Но знаете, что самое отрадное? Не могу даже скрыть злорадства. Знаменитый спортсмен Джо ДиМаджио пережил Мерлин на десятилетия, но ни годы, ни другие женщины (а они были, были!) ничего не изменили в его чувстве к нашей девочке – в своем завещании он просил похоронить его рядом с Мэрилин.
Так тебе и надо! Тоскуй и после смерти, предатель.

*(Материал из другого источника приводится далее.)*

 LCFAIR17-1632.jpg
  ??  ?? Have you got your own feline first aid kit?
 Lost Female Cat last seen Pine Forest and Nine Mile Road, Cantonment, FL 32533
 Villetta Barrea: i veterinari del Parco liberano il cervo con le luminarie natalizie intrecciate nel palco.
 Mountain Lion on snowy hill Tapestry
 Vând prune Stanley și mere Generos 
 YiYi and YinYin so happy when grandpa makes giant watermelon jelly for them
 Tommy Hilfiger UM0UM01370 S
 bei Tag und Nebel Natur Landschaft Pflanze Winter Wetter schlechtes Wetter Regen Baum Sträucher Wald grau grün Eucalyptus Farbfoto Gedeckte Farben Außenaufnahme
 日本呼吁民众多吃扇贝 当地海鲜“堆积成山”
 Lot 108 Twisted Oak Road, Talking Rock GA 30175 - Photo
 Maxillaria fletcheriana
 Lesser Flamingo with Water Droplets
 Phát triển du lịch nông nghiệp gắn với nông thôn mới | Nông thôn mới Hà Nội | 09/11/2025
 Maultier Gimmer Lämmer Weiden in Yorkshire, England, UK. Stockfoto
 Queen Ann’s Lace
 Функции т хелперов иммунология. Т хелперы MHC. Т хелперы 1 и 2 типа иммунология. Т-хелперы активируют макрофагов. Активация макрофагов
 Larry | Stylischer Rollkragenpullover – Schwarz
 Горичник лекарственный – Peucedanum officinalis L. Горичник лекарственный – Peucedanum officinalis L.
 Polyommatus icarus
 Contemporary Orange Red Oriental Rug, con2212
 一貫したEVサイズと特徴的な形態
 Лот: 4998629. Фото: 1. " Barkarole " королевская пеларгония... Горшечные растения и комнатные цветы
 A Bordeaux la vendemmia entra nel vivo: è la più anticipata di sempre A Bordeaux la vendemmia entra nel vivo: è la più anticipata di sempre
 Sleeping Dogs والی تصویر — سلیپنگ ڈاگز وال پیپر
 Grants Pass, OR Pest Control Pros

Мы наших милых в объятиях душим.
Но отпечатываются подушки
На юных лицах, как след от шины.
Невыносимо!
Ах, мамы, мамы, зачем рождают?
Ведь знала мама - меня раздавят,
О, кинозвездное оледененье,
Нам невозможно уединенье,
В метро
В троллейбусе
В магазине
"Приветик, вот вы!" - глядят разини.
Кстати, о разинях. Вторая моя любимая история с Монро как раз о них.
Она уже, судя по всему, крепко пила. И вот однажды, приняв, как полагается, на грудь (о, эта набоковская внутренняя рифма, вы сейчас поймете, о чем я), Мерлин высунулась из окошка. Где уж это окошко было, мне неведомо. Не помню. Старческий маразм. Но за реальность факта – отвечаю: окошко было. И зеваки за ним. Они толпились под окнами гостиницы, где она проживала (снималась, что ли? или просто блуждала по городу, непонятно с кем?), толпились вперемешку с фотографами и журналистами. Мерлин была в одном халатике, с бутылкой в руке.
- Вам же только одно от меня нужно? Одно? – закричала по-английски Грушенька и Настасья Филипповна в одном лице. Не было рядом ни князя Мышкина, чтоб удержать, ни Рогожина, чтоб силой оттащить от окна. Даже заваляшенького истерика Ипполита рядом не было.
И распахнув халатик, под которым ничего не было, кроме легендарной капли «Шанели номер пять», американская Настя предстала перед всей толпой в чем мать родила.
А мать ее родила в муках и тоске.
Так ее и засняли.
Полуголую, пьяную, уходящую в расфокус.
Невыносимо, когда раздеты
Во всех афишах, во всех газетах,
Забыв, что сердце есть посередке,
В тебя завертывают селедки.
Лицо измято, глаза разорваны
(как страшно вспомнить во "Франс Обзервере"
Свой снимок с мордой самоуверенной
На обороте у мертвой Мерлин!).
Орет продюсер, пирог уписывая:
"Вы просто дуся, ваш лоб - как бисерный!"
А вам известно, чем пахнет бисер?
Самоубийством!
Самоубийцы - мотоциклисты,
Самоубийцы спешат упиться
От вспышек блицев бледны министры
Самоубийцы, самоубийцы.
Идет всемирная Хиросима.
Невыносимо.
Невыносимо все ждать, чтоб грянуло
А главное -
Необъяснимо невыносимо.
Ну просто руки разят бензином!
Невыносимо горят на синем
Твои прощальные апельсины:
Я баба слабая. Я разве слажу?
Уж лучше - сразу!
На этом заканчивается стихотворение Андрея Вознесенского, которое я помню наизусть. Моя мама очень любила это стихотворение. Мамы нет уже в живых сорок лет, но сам факт остается для меня непреложным: если мама любила его, значит, это стихотворение хорошее. Впрочем, я и без всякой мамы знаю, что это хорошее стихотворение.
Но почему она его любила?
Какая Грушенька, какая Настасья Филипповна жила в ней? О чем ты тосковала, мама? Чью руку отказалась поцеловать? Чего тебе не додали в этой жизни или додали выше крыши, если ты — к человеку, которого уже и нет на этом свете — в свои глупые 29 лет обращалась с этим приказом, нет, с требованием — понимания и пощады?